WORK REQUIRED ->
Only the lines from the one containing "Edward Donovan Print" through the end of the listing belong in the answer, repeated exactly, with no pictures.

TASK INPUTS ->
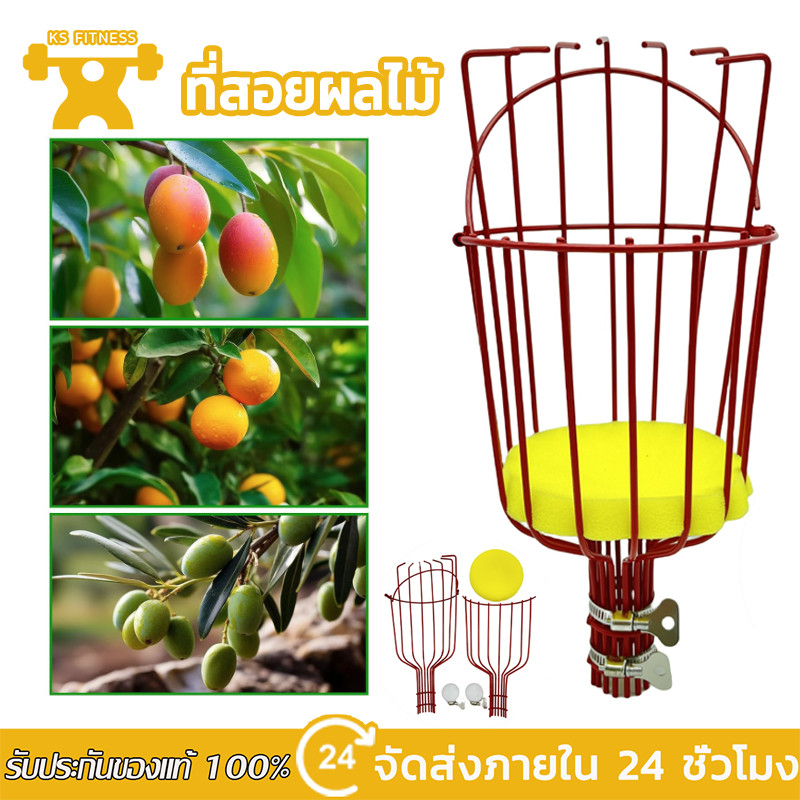 อุปกรณ์เก็บผลไม้ ยืดหดได้ ใช้งานง่าย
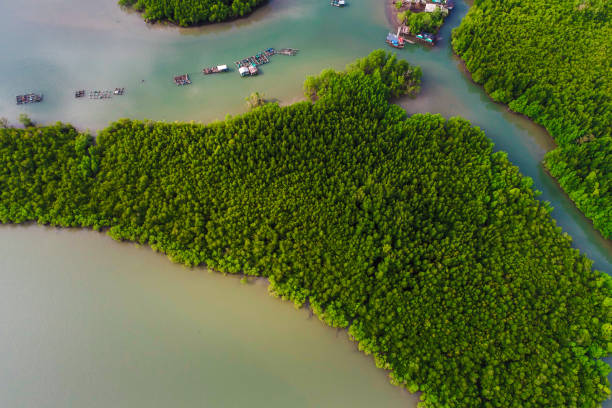 istock Green tropical mangrove forest with boat 1224276567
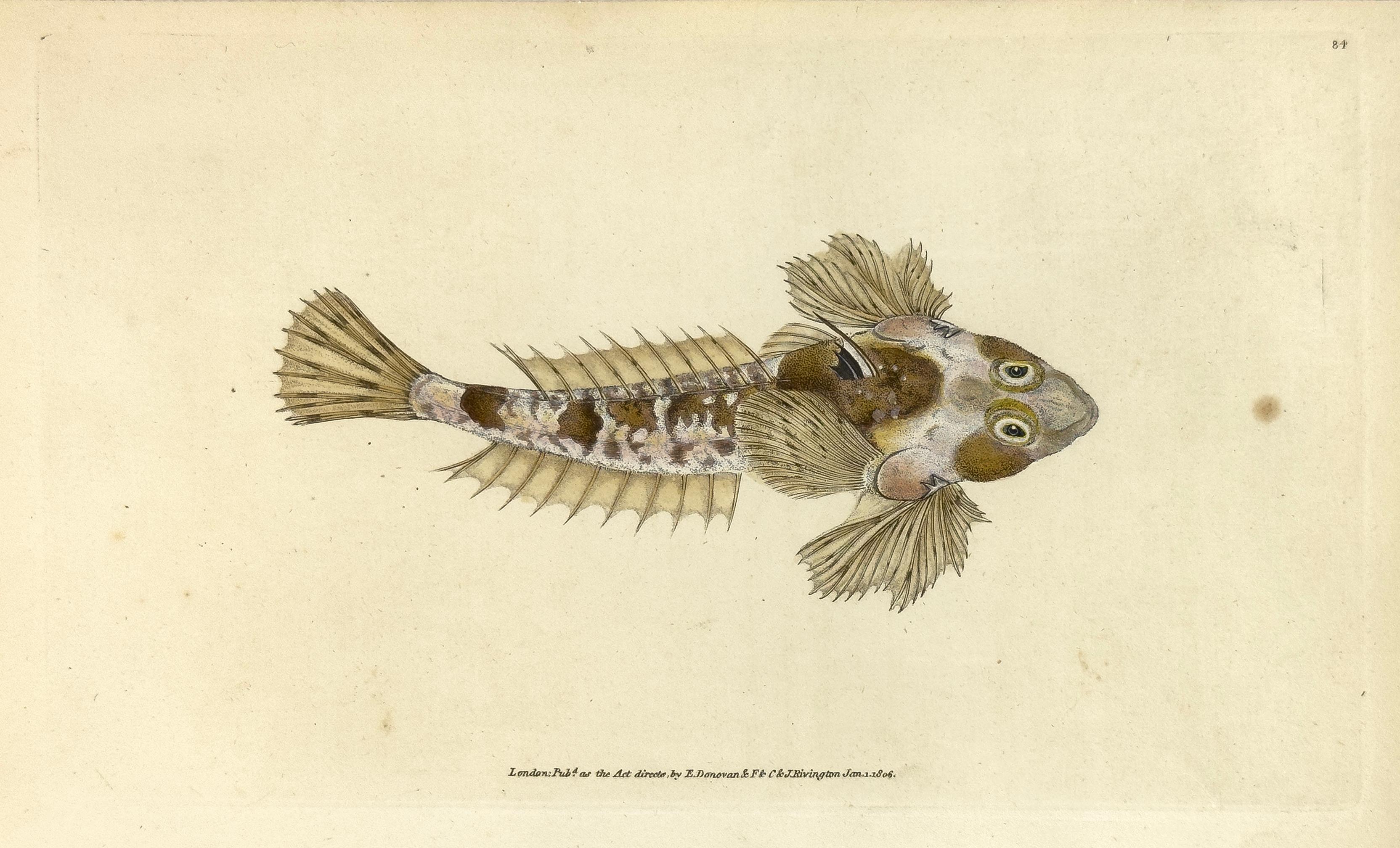 Edward Donovan Print – 84: Callionymus dracunculus, Gemeiner Drachenkopf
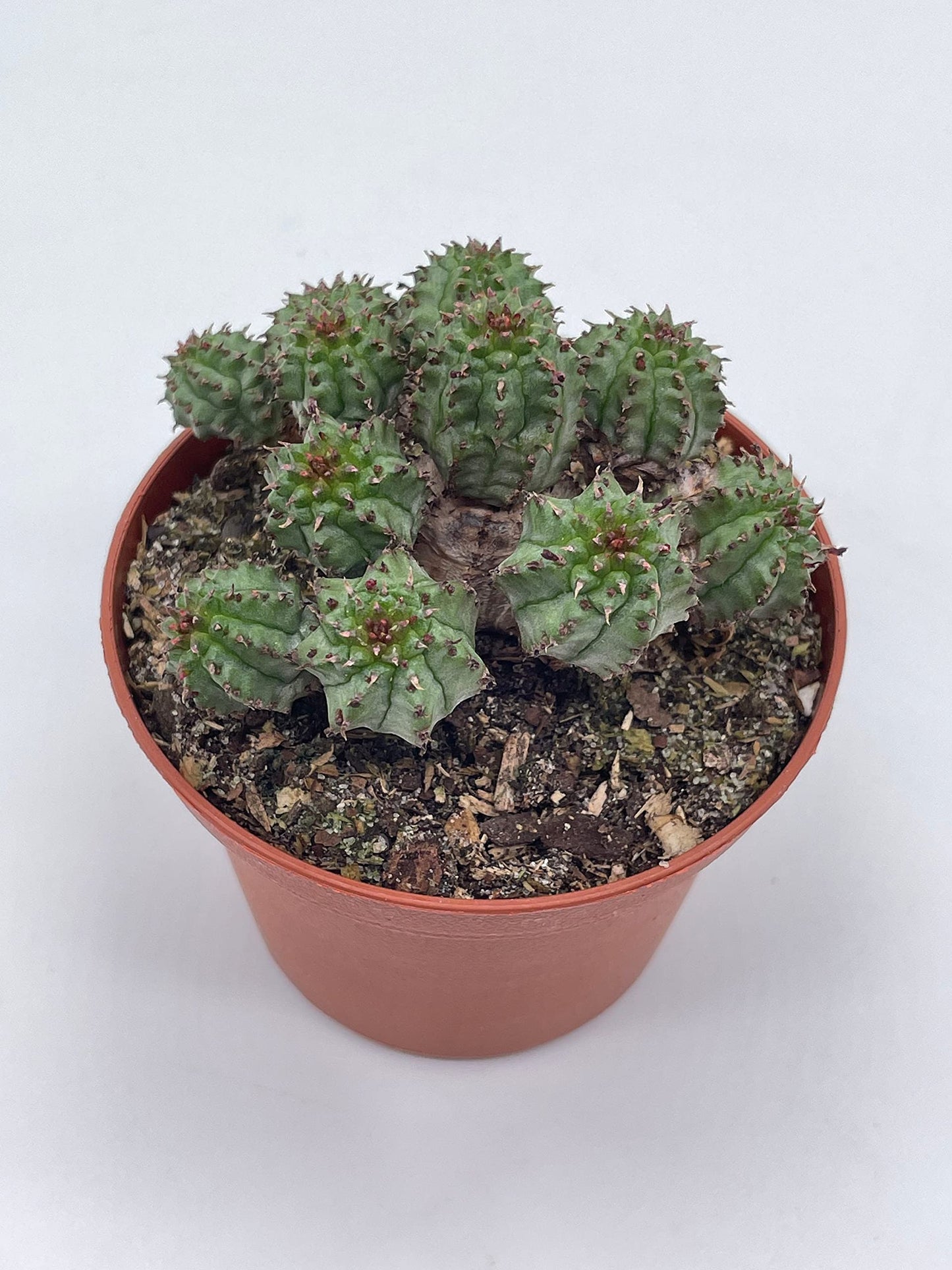 Euphorbia Horrida, 3 inch, African Milk Barrel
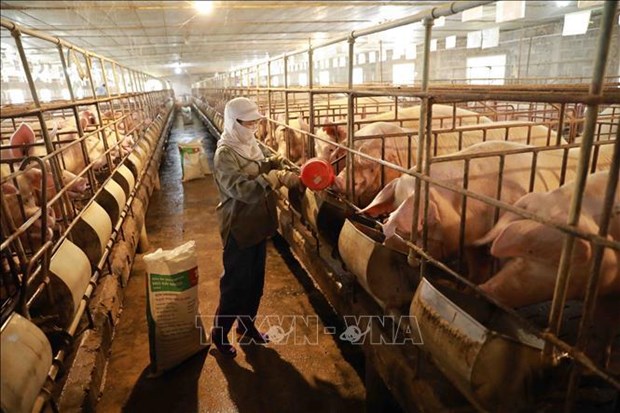 Building disease-free zone - key to animal husbandry: Minister hinh anh 1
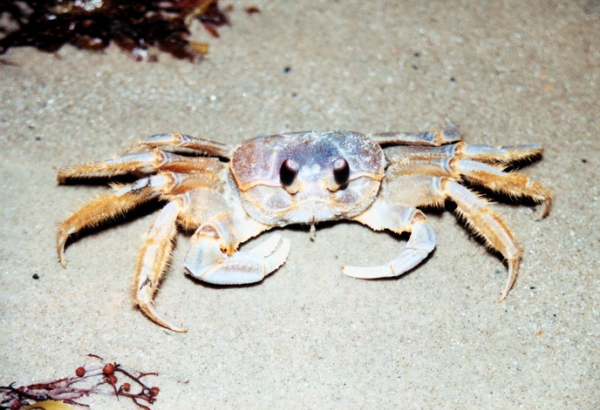 Zdjęcie ze Stanów Zjednoczonych - Ghost crab.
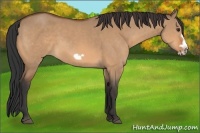 Horse Color:Bay Dun Frame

FINISHED TASK ->
 Edward Donovan Print – 84: Callionymus dracunculus, Gemeiner Drachenkopf
 Euphorbia Horrida, 3 inch, African Milk Barrel
 Building disease-free zone - key to animal husbandry: Minister hinh anh 1
 Zdjęcie ze Stanów Zjednoczonych - Ghost crab.
 Horse Color:Bay Dun Frame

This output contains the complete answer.